Vail power supplier seeks boost in renewable energy
EAGLE COUNTY, Colorado – The power company that serves Eagle County is trying to significantly boost the amount of renewables in its power mix by enlisting help from entrepreneurs.
Holy Cross Energy issued a request for proposals this week for up to 10 megawatts of generation from renewable sources. It wants proposals submitted by Jan. 31, 2011.
The power sources must be located within the Holy Cross service area, which includes the Roaring Fork and Eagle valleys and the Interstate 70 corridor west of Glenwood Springs. Realistically, any proposals will likely be for solar farms, biomass plants and hydro-electric projects, said Del Worley, Holy Cross CEO. A wind farm of significant size probably isn’t feasible in the area at this time, he said.

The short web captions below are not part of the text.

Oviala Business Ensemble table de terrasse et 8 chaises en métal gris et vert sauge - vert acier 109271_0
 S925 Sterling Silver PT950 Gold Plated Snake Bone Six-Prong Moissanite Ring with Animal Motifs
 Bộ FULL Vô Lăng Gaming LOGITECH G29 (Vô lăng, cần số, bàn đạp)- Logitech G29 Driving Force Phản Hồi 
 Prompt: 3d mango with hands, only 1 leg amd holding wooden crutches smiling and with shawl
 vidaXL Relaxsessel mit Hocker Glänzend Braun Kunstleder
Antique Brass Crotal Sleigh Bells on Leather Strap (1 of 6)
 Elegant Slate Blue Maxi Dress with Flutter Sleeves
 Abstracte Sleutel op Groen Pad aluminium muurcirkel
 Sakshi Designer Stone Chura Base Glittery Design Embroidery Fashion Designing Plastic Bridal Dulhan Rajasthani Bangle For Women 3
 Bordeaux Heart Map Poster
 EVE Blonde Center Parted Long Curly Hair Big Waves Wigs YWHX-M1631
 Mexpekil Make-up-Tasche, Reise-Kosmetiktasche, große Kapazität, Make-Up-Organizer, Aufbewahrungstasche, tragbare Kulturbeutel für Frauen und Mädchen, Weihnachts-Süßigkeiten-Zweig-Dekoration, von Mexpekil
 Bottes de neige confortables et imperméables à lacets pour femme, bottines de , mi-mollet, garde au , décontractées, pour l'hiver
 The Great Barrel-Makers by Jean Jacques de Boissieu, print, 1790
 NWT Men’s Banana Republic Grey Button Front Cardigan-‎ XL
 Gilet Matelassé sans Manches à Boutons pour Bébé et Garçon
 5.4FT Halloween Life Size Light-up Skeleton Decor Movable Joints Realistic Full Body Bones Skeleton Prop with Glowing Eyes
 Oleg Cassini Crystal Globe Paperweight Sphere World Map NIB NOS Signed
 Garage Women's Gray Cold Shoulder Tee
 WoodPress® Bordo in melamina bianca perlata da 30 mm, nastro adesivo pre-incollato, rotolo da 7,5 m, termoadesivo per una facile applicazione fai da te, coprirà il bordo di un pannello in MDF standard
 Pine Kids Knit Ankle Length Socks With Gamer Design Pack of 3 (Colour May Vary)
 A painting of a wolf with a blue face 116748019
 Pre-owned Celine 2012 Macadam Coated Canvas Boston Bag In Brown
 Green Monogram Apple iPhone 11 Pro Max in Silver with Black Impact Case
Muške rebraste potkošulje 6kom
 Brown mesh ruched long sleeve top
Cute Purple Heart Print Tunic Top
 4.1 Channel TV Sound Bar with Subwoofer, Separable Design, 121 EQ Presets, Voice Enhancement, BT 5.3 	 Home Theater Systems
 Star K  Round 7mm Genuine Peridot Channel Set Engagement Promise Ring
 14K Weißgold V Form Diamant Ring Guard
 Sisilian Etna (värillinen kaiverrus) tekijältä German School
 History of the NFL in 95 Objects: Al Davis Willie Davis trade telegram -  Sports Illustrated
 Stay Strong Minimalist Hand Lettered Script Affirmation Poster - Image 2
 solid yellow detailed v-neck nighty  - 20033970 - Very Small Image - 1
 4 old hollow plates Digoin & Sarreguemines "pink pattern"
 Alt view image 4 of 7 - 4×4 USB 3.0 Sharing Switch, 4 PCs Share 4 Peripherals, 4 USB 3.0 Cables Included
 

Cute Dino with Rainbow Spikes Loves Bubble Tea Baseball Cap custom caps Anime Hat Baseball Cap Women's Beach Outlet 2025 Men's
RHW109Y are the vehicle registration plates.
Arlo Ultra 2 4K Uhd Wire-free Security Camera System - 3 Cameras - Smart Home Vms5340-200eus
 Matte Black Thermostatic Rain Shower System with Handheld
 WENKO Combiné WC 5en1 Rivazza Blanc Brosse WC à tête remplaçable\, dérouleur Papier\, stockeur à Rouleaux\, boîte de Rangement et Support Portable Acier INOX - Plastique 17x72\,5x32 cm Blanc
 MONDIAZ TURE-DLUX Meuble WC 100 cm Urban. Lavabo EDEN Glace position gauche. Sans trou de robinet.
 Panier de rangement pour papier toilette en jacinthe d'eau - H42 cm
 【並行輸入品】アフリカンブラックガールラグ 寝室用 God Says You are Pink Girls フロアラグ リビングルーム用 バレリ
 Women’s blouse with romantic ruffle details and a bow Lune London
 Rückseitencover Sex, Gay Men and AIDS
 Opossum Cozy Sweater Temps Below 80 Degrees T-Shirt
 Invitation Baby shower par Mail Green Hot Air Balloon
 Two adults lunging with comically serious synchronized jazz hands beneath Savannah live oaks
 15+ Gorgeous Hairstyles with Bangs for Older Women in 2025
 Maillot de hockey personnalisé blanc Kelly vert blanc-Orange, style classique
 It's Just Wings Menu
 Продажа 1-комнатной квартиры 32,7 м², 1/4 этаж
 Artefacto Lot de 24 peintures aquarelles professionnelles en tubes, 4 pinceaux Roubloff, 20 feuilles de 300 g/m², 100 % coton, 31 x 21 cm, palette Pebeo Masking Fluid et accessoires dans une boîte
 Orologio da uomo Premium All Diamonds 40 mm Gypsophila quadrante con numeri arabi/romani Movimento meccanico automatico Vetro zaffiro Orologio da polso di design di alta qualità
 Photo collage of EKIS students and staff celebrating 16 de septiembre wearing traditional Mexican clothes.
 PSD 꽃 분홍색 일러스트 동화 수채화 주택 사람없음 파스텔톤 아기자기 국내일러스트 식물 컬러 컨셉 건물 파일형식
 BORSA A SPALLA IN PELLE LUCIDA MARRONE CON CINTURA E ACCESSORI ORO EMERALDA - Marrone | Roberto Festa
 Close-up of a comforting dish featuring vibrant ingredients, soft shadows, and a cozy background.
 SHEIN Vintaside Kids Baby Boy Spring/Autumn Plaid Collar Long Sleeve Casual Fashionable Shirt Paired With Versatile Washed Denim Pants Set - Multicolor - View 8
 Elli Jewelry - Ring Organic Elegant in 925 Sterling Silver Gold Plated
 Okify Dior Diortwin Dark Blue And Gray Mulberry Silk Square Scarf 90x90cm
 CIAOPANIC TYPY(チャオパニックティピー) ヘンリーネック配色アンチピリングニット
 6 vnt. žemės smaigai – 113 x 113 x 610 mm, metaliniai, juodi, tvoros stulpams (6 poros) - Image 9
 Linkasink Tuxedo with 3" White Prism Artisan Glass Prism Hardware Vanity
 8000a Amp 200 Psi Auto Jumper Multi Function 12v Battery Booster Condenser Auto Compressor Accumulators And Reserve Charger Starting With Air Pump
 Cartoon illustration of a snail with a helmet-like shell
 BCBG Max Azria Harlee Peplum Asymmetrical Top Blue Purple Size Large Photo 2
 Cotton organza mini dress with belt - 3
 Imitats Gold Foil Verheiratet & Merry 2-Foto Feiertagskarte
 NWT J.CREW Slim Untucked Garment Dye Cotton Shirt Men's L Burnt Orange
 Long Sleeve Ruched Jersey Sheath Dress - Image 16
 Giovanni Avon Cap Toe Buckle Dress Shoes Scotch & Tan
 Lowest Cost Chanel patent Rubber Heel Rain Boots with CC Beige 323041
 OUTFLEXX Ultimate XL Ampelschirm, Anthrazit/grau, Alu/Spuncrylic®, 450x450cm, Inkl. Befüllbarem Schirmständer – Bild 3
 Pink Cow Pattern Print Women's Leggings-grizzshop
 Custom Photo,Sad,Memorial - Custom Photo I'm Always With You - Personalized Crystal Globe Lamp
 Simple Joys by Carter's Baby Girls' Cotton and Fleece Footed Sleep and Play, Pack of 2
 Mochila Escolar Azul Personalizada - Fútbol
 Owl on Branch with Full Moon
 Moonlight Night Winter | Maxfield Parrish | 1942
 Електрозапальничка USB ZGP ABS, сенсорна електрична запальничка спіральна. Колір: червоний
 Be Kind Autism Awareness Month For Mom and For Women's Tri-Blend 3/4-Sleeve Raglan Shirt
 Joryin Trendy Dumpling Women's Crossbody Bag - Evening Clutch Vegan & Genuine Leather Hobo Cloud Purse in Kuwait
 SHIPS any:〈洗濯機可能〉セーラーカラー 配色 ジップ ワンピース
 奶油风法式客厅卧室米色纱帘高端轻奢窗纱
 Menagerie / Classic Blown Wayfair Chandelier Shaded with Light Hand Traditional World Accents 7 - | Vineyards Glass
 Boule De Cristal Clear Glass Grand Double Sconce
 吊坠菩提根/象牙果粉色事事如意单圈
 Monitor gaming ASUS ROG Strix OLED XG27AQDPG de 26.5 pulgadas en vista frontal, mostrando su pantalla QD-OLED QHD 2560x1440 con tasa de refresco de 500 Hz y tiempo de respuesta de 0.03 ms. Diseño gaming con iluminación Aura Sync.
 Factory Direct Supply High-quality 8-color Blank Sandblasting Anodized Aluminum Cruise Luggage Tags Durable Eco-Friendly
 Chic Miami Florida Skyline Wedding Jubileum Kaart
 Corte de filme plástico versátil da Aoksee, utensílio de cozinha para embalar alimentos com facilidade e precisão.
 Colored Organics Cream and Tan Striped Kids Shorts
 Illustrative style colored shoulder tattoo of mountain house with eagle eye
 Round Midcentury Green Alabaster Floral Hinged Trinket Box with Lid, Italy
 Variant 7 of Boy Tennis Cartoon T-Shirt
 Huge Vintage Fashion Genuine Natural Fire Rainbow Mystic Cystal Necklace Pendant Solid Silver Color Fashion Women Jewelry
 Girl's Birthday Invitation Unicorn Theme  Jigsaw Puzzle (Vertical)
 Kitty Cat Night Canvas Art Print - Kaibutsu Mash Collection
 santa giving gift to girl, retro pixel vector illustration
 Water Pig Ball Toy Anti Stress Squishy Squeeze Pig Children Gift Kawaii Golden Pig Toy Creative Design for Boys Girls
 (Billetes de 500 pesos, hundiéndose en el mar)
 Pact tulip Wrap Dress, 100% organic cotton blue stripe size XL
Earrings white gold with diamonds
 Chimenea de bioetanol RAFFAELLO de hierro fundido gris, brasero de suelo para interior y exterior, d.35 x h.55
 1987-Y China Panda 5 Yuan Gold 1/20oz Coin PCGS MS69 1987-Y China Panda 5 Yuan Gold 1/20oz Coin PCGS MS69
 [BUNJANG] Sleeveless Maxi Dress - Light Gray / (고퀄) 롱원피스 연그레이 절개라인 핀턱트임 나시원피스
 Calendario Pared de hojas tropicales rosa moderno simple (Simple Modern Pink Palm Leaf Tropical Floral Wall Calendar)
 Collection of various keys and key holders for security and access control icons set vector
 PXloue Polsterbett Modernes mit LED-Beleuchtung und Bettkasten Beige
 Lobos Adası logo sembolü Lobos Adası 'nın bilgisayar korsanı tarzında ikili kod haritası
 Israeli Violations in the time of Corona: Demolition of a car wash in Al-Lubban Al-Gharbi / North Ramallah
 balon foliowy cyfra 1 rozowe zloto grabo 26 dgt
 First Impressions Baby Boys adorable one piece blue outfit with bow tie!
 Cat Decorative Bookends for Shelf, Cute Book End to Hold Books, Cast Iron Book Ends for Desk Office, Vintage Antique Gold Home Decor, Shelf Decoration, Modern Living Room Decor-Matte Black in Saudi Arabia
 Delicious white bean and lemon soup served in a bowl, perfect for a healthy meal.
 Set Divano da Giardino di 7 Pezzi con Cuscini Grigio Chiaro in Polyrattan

Holy Cross has won acclaim for its “green” programs and is regarded as a leader among small utilities. Between 9 and 10 percent of its current power mix comes from renewable sources, Worley said. If the full 10 megawatts of additional renewable energy being sought is provided, that would boost its green power by about 5 percent, he said.
In addition, the company put out a separate request for proposals in June that sought up to one megawatt of solar power specifically. Those proposals are due at the end of the month.
In the case of both requests for proposals, Holy Cross will sign contracts for long-term power purchases from projects it deems technologically and financially feasible.
Worley said Holy Cross is pushing to add renewable sources to its power mix because repeated surveys show its members support renewable energy and energy efficiency, and are willing to pay more for programs that promote them. The company serves about 55,000 customers in the region.
The Holy Cross board of directors set a voluntary goal years ago of supplying 20 percent of the electricity used by its customers from renewable sources by 2015. The last two elections for Holy Cross board of directors seats have been dominated by professionals or activists in green energy fields, so the utility’s goals may become even greener.